Briefly, 5 μg of partially purified BASB043 Neisseria meningitidis B protein are put into a SDS-PAGE gradient gel (4-20%, Novex, code no EC60252) for electrophoretic migration. Proteins are transferred to nitrocellulose sheet (0.45 μm, Bio-rad code no 162-0114) at 100 volts for 1 hour using a Bio-rad Trans-blot system (code no 170-3930). Afterwards, filter is blocked with PBS-0.05% Tween 20 overnight at room temperature, before incubation with the human sera. The following convalescent sera were tested: patients #261469, 261979, 261324, 261732, 262117 and 261659. These sera are diluted 100 times in PBS-0.05% Tween 20, and incubated on the nitrocellulose sheet for two hours at room temperature with gentle shaking, using a mini-blotter system (Miniprotean, Bio-rad code no 170-4017). After three repeated washing steps in PBS-0.05% Tween 20 for 5 min., the nitrocellulose sheet is incubated at room temperature for 1 hour under gentle shaking with the appropriate conjugate (biotinylated anti-human Ig antibodies, from sheep, Amersham code no RPN1003) diluted at 1/500 in the same washing buffer. The membrane is washed three times as previously, and incubated for 30 min with agitation using the streptavidin-peroxidase complex (Amersham code no 1051) diluted at 1/1000 in the washing buffer. After the last three repeated washing steps, the revelation occurs during the 20 min incubation time in a 50 ml solution containing 30 mg 4-chloro-1-naphtol (Sigma), 10 ml methanol, 40 ml of ultra-pure water, and 30 μl of H₂O₂. The staining is stopped while washing the membrane several times in distillated water.

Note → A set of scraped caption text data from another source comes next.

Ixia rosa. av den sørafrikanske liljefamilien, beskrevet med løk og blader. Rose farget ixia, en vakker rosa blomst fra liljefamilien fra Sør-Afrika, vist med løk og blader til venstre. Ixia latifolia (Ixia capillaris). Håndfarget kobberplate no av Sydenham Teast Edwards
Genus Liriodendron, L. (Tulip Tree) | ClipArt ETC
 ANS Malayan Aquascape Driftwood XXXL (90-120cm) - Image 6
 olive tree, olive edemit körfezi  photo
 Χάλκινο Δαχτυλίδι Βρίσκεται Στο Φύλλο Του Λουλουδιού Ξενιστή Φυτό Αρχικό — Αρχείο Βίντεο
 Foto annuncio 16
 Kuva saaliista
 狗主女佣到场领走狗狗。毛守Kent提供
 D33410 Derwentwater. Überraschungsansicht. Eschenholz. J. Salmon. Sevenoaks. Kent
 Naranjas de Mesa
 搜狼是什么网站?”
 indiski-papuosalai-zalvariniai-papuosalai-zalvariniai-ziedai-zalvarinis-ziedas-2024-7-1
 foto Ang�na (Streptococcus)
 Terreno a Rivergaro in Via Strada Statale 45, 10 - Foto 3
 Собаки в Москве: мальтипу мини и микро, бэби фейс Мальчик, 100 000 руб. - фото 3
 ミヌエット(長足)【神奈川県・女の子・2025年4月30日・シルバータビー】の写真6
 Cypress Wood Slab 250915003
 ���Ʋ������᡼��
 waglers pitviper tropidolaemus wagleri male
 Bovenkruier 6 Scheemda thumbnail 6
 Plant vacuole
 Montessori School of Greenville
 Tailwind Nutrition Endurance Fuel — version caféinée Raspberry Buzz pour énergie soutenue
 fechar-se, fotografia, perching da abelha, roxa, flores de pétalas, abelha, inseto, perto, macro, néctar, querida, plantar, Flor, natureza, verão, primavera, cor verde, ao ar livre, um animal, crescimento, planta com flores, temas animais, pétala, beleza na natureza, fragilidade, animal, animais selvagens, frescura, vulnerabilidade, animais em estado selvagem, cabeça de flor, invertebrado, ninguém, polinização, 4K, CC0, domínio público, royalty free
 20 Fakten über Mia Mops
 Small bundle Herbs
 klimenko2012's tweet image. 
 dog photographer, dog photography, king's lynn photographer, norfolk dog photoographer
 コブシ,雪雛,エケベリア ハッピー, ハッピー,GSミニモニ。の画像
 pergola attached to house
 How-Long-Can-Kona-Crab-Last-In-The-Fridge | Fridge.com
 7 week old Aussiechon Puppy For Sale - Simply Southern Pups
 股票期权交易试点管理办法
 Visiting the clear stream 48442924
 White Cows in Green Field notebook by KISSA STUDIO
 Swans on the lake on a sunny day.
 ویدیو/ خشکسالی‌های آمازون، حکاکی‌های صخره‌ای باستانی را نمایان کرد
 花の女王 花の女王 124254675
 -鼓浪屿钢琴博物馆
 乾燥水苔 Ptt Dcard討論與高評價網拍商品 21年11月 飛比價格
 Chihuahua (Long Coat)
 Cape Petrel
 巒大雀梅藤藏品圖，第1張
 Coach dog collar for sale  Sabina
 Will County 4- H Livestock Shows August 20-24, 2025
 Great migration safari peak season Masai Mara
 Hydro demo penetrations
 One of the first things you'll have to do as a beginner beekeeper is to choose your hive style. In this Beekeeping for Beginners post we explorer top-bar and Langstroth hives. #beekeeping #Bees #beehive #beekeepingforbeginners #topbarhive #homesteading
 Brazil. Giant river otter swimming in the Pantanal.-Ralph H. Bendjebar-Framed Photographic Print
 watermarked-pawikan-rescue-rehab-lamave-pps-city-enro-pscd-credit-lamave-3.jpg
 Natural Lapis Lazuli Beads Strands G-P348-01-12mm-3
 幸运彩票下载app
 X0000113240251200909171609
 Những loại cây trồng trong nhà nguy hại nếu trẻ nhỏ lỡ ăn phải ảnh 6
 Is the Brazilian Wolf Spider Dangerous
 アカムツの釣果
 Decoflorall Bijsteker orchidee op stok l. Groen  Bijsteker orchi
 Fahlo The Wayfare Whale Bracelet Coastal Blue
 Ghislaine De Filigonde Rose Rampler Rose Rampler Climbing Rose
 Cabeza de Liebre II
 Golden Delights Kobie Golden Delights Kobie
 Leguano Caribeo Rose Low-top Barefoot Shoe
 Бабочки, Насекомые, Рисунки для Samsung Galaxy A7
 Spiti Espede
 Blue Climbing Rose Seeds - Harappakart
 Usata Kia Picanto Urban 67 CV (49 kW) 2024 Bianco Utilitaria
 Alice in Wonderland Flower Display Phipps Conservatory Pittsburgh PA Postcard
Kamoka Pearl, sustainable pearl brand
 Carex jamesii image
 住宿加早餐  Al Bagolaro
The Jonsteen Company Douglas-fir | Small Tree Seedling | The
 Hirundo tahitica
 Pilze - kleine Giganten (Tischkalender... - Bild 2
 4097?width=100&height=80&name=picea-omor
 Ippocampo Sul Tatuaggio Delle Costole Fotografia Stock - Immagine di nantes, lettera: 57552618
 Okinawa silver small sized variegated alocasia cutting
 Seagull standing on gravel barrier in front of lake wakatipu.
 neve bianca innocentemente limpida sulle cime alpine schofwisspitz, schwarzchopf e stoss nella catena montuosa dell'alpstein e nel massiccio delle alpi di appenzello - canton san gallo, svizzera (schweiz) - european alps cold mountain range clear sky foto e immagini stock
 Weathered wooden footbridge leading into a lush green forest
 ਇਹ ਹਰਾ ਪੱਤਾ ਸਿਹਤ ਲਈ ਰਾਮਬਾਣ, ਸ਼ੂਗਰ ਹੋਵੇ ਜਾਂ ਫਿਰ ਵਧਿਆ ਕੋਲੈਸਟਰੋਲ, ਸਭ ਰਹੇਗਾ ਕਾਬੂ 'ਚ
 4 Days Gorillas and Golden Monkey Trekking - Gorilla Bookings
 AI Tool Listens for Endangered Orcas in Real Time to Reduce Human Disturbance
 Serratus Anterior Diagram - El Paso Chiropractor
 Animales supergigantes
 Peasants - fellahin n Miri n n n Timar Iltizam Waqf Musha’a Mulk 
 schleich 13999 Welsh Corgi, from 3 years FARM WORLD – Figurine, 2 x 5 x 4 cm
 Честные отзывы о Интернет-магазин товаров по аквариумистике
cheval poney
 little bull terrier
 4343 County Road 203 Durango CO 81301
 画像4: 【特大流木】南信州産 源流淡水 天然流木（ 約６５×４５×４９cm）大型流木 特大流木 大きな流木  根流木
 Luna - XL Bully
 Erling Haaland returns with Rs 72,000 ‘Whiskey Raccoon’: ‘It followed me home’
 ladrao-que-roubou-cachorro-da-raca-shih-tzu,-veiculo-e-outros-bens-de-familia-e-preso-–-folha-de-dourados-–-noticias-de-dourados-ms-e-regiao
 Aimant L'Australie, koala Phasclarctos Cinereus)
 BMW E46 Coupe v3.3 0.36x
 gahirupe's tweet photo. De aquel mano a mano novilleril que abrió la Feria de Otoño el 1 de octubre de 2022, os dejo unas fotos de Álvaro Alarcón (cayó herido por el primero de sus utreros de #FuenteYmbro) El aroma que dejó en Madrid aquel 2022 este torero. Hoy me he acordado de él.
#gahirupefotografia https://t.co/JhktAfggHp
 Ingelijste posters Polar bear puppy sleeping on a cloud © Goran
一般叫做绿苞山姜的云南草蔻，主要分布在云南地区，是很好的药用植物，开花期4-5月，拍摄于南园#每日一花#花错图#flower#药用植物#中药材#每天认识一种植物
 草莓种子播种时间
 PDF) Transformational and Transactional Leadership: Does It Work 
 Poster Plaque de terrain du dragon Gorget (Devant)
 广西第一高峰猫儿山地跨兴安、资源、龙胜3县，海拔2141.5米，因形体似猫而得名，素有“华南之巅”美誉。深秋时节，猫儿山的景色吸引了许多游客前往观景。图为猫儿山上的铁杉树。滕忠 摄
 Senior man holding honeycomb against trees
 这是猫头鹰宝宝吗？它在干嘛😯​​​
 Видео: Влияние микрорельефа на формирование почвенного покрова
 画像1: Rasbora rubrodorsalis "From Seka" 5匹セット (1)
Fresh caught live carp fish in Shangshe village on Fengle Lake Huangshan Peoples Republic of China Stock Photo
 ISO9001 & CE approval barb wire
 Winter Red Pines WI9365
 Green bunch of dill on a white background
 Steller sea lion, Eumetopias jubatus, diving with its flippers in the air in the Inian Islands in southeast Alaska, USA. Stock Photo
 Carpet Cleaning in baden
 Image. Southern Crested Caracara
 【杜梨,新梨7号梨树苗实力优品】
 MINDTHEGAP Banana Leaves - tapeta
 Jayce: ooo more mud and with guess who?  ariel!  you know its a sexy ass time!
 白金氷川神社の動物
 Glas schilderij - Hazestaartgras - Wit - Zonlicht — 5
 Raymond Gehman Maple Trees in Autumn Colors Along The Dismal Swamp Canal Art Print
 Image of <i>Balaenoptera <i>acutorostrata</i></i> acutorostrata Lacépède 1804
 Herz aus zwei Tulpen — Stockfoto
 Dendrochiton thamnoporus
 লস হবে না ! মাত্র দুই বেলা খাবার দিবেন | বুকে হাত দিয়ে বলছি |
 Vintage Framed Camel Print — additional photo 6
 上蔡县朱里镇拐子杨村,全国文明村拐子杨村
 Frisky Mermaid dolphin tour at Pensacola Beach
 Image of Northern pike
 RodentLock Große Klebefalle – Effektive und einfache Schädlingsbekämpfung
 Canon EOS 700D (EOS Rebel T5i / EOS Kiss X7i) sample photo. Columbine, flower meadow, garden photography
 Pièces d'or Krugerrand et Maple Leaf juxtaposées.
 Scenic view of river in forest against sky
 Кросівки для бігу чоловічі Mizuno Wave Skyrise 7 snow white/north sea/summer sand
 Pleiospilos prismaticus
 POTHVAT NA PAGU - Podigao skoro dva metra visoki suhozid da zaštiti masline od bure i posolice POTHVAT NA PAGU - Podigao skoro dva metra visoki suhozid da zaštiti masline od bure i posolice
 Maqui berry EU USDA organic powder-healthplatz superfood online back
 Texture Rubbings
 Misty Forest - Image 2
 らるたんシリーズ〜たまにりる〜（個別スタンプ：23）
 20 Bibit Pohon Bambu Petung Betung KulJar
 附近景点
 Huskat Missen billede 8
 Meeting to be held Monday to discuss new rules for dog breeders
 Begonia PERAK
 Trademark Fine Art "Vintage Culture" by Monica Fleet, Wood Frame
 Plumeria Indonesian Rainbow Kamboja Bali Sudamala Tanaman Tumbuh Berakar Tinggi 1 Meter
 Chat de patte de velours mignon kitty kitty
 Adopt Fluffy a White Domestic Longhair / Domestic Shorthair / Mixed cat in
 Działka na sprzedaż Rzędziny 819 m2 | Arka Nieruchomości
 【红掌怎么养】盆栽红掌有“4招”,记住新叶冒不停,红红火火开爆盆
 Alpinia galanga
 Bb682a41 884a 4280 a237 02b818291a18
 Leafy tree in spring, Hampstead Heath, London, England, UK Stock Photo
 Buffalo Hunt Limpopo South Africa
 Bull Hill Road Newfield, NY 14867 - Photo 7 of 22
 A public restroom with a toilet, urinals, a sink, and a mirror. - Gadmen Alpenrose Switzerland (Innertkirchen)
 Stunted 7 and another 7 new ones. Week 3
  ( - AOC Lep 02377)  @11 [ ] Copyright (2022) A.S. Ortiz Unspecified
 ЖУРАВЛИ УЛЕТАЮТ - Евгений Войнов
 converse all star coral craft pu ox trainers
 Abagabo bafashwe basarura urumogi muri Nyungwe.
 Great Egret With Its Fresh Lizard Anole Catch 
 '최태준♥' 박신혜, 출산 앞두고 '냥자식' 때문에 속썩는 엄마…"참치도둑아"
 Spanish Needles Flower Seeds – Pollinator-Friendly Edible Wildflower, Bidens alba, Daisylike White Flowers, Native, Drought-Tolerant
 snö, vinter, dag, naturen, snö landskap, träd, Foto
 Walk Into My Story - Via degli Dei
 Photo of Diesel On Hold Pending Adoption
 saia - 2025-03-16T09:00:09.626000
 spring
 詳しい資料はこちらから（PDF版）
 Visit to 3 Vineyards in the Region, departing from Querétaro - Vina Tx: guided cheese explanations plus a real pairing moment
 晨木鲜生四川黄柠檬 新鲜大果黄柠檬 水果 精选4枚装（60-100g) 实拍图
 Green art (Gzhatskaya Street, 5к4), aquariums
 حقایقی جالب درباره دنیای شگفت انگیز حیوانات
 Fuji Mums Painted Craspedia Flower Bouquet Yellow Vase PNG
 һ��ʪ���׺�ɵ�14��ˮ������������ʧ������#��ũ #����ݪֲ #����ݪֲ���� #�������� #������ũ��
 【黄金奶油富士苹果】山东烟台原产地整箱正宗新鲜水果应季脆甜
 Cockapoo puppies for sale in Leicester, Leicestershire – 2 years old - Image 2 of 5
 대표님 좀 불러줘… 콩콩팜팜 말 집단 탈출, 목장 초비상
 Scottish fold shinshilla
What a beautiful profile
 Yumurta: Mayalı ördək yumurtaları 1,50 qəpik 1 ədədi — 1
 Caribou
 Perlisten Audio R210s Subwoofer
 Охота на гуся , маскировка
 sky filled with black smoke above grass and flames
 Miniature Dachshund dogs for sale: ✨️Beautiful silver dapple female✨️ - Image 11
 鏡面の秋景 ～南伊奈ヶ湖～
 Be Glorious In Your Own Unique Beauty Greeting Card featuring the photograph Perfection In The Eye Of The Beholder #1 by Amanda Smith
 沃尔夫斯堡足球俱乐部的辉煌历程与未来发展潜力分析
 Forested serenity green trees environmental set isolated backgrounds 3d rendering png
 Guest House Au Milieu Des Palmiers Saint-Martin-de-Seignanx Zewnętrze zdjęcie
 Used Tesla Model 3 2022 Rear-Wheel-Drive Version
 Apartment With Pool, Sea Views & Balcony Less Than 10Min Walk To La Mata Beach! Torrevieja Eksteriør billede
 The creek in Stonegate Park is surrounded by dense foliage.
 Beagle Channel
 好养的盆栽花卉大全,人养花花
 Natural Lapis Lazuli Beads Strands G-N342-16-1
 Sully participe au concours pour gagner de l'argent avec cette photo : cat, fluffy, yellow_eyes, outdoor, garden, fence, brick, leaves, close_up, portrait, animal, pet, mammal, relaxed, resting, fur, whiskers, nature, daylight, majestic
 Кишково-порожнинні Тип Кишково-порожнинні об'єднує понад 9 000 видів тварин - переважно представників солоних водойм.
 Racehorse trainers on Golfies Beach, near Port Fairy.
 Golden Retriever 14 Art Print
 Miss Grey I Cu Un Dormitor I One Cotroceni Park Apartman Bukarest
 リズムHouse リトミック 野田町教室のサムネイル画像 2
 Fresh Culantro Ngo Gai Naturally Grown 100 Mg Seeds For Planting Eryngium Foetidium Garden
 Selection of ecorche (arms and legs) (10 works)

Results illustrated in FIGS. 11 and 12 show that all the 6 convalescents react against the major band of recombinant BASB043 protein at around 20 kDa. Human sera recognize only this band while mice sera recognize the three major bands of BASB043. All of these human convalescent react with a very high intensity, except for convalescent no 262117 who shows a lower reactivity. In the right part of the western-blot, the reaction against the same 25-30 kD band is observed with the immunized mice sera, plus the band recognized at around 50 kDa. Few bands at a lower MW are also observed. Few leaks also are visible in FIG. 11.